Orff, Carl / Gunild Keetman

Gassenhauer nach Hans Neusiedler (1536)

für Klavier/für Klavier ­vierhändig

Rubrik: Noten
Verlag/Label: Schott, Mainz 2017
erschienen in: üben & musizieren 3/2018 , Seite 57

Der Gassenhauer ist das bekannteste und beliebteste Stück aus dem Orff-Schulwerk, das in weiten Teilen ein Gemeinschaftswerk von Carl Orff und Gunild Keetman ist. Zugrunde liegt eine kurze, eingängige Lautenkomposition des Renaissance-Komponisten und Lautenisten Hans Neusiedler, nicht viel mehr als eine rhythmisch bewegte D-Dur-Kadenz im Dreiviertel-Takt.
Orff und Keetman transponieren das Stück nach C-Dur und entwickeln daraus eine Variationenreihe für ihr typisches Instrumentarium Xylofon, Kastagnetten, Pauken und Schellen. Das harmonisch-melodische Schema Neusiedlers bleibt durchgehend erhalten, und zu den Dreiklangs­tönen gesellen sich erst in den letzten beiden der insgesamt sieben Variationen einige wenige Durchgangsnoten. Ihre Spannung beziehen die Variationen aus einer mitreißenden dynamischen und klanglichen Steigerung.

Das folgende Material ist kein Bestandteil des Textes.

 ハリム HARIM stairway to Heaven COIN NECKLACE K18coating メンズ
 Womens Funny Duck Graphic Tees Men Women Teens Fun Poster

Von der Mittellage ausgehend kommen immer mehr Oktavlagen ins Spiel, die Akkorde werden vollgriffiger und es treten immer neue Instrumente hinzu. Große Popularität erlangte das Stück, als es zunächst 1973 im Soundtrack des Films Badlands von Terrence Malick Verwendung fand, 20 Jahre später auch in True Romance von Quentin Tarantino.
Die hier vorgestellten Arrangements für Klavier solo und Klavier vierhändig von Robert Schäfer halten sich eng an die Vorlage von Orff/Keetman. Es gelingt dem Arrangeur sehr gut, den rhythmischen und dynamischen Schwung des Stücks auf das Klavier zu übertragen. Zwar erreicht die Bearbeitung nicht die Farbigkeit und räumliche Tiefe der Vorlage, da diese sich im Wesent­lichen der Instrumentierung verdankt. Dennoch macht es großen Spaß, das Stück am Klavier zu spielen.
Die Notentexte beider Versionen sind nahezu identisch, dadurch ist die vierhändige Fassung wesentlich leichter zu spielen als die Soloversion. Zu zweit bleibt auch das bei Orff so wichtige Erlebnis des Ensemblespiels erhalten. Die Freude an der klanglichen Expansion und das körperliche Erlebnis, allmählich die ganze Klaviatur in den Griff zu bekommen, wie sie sich beim Spielen der Solofassung einstellen, sind andererseits auch nicht zu verachten. Aufgrund ihrer einfachen, durchschaubaren Faktur eignen sich beide Fassungen gut zur Erfindung eigener Variationen.
Erfreulicherweise wurden in der vierhändigen Fassung Primo- und Secondo-Part als Partitur untereinander notiert. Das Notenbild ist, wie immer bei Schott, klar und übersichtlich. Nur schade, dass die interessante Vorgeschichte des Werks mit keinem Wort erwähnt wird.